According to Savills latest research, pricing levels are increasingly attracting North American investors to European real estate. In 2022, North Americans invested more than Europeans in cross-border deals, €48 billion compared to €36.6 billion, which is 31 percent above the five-year average for the former. In the Czech Republic, investors from North America spent €321 million in 2022 (40 percent above the five-year average), while European buyers (excluding domestic capital) acquired assets worth €459 million.
The international real estate advisor anticipates that North American investors will again be the largest investor group in European real estate by the end of the year, but on the Czech market, it will most probably be domestic buyers again.
James Burke, Director of European Capital Markets & Global Cross Border Investment at Savills, says: “We foresee a diverse range of cross-border investors being attracted to European real estate during the course of 2023. Much of this will be opportunity-led, with investors engaging in processes where there is a discernible pricing adjustment.”
“Investors with less appetite for risk should focus on strategies targeting income-driven assets in the most appealing locations and sectors in Europe. These should be chosen based on long-term trends, thereby offering greater stability and resilience to market fluctuations.”
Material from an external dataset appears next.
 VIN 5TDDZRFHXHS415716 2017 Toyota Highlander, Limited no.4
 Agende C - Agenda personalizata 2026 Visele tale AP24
Lydia Brissy, Director of European Research at Savills, comments: “All in all, we expect investment activity to remain subdued in Europe until the second half of the year when the economy will slowly start to pick up. We anticipate total European real estate investment volumes for 2023 to range between €230 billion and €240 billion, a decrease of 17 percent-20 percent y-o-y.”
Fraser Watson, Director of Investment Advisory at Savills CZ and SK, adds: “The situation in the Czech republic will most probably copy the European trend, with the muted activity until summer and an uptick in activity during the second half of the year. Despite the lack of current ongoing deals, I think we could still reach an annual transaction volume of around €1.5 billion, i.e. just over 10 percent down y-o-y.”